Clinicobiological features and prognostic impact of diffuse large B-cell lymphoma component in the outcome of patients with previously untreated follicular lymphoma.

Author information

Department of Hematology, Hospital Clínic, Institut d'Investigacions Biomèdiques August Pi i Sunyer (IDIBAPS), Barcelona.
Hematopathology Unit, Department of Pathology, Hospital Clínic, IDIBAPS, University of Barcelona, Barcelona.
CIBERONC, Barcelona.
Department of Pathology, Hospital Clínic, IDIBAPS, University of Barcelona, Barcelona, Spain.
Department of Pathology and Cell Biology, Graduate School of Medicine, University of the Ryukyus.
Faculty of Medicine, University of the Ryukyus, Japan.
Genomics Unit, IDIBAPS, Barcelona, Spain.
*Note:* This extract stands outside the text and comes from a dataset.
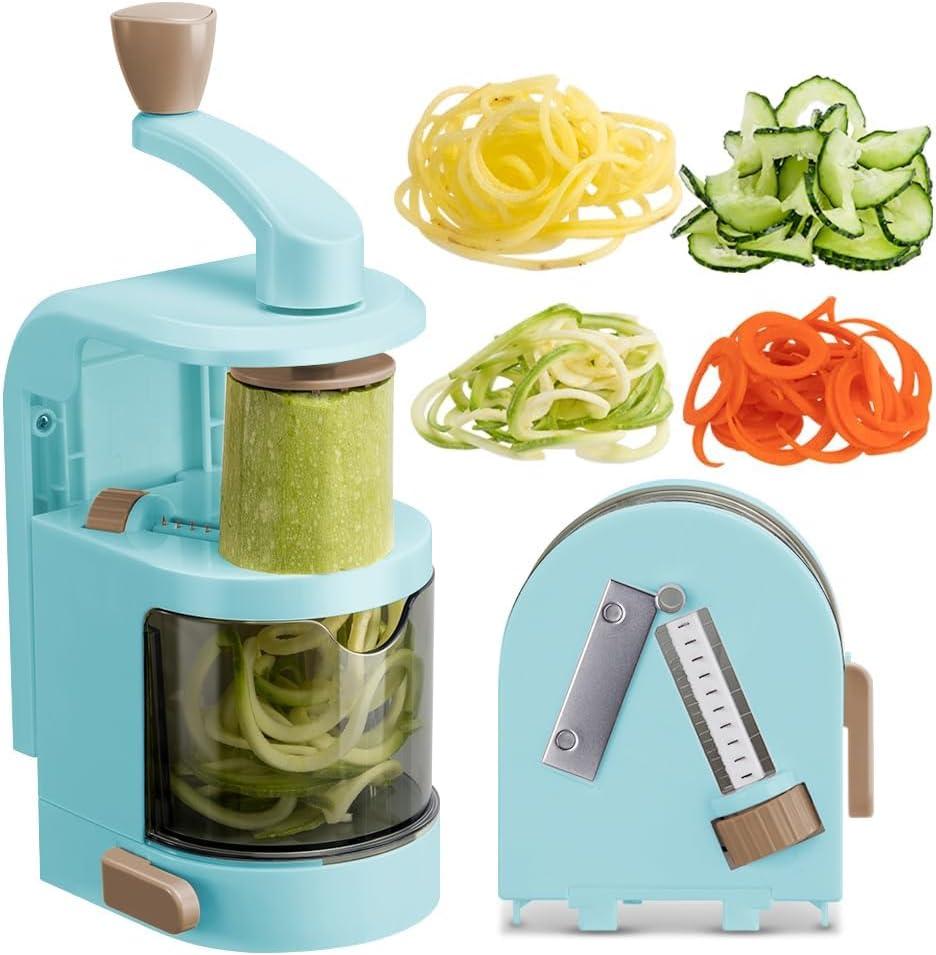 Vegetable Spiralizer 4in1 Rotating Blade Veggie Spiralizer Zucchini Noodle Maker with Strong Suction Cup Spiral Vegetable Cutter Slicer (Blue)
The co-existence at diagnosis of follicular lymphoma (FL) and diffuse large B-cell lymphoma (DLBCL) components (FL/DLBCL) has been considered a transformed lymphoma and accordingly treated although clinicobiological information on these patients is scarce. The aim of this study was to analyze the initial features and outcome of FL/DLBCL patients in the rituximab era.

Patients and methods:

All patients consecutively diagnosed at a single institution with FL/DLBCL (n = 40), as well as those with pure FL (n = 328) or de novo DLBCL (n = 510) as controls.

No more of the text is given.